Use "--" with the full argument name, or "-" with the one letter abbreviation

---- Required Arguments

token:         Recorded Future API token for Identity Module

lookback_days: Number of days since credential was last downloaded

domains:       Domains to search exposed credentials for


---- Optional Arguments

domain_types:         'Authorization' (External) or 'Email' (Internal)
                      default: None (includes both)

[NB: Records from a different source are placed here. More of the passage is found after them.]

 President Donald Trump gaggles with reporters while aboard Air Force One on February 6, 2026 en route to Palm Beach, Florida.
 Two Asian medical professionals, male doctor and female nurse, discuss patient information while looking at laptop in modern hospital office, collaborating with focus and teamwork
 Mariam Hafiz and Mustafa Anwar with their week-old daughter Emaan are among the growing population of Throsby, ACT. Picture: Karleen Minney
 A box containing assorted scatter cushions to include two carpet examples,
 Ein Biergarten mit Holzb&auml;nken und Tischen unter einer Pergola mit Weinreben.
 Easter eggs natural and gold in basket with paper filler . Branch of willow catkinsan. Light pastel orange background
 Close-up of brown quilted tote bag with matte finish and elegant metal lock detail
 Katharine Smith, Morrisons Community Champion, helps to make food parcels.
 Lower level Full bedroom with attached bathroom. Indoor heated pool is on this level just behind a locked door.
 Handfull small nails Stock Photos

password_properties:  Password properties of the exposed credentials
                      [Letter, Number, Symbol, UpperCase, LowerCase, MixedCase,
                      AtLeast8Characters, AtLeast12Characters, AtLeast16Characters,
                      Atleast24Characters]
                      default: []

exfiltration_days:    Number of days since credential was exfiltrated from host machine
                      default: None

breach_name:          Name of the breach where the exposed credential was found
                      default: None

breach_lookback_days: Number of days since the specified breach
                      default: lookback_days

dump_name:            Name of the dump where the exposed credential was found
                      default: None

dump_lookback_days:   Number of days since the specified dump
                      default: lookback_days         

log:                  log level, options are debug, info, warn, error, critical.
                      default: info

dir:                  target directory for output files. 
                      default: ../local/

no-verify:            disable SSL verification (to be used with proxy configurations)
	                    default: False


---- Usage Example
To invoke recordedfuture_identities to find exposed credentials for `recordedfuture.com` downloaded
within the last 30 days, with log level info, and writing to output to ../local/:

	python3 recordedfuture_identities.py -t [API_KEY] -d recordedfuture.com -ld 30



<---------- Logging Information ---------->

Logs:

recordedfuture_identities produces logs in the ../local/ directory by default.
Logs are created using a rotating file handler with a max file size of 2MB for up 
to 5 total files. Log filenames begin with recordedfuture_identitydetails.log. When
the maximum file size is reached, this file is renamed
recordedfuture_identitydetails.log.1. Then, .1 becomes .2, and so on up to .4.
The most current log records will always be in recordedfuture_identitydetails.log.

Logs record the number of identities and credentials retrieved, the number of
new credentials, output files written, and any errors encountered.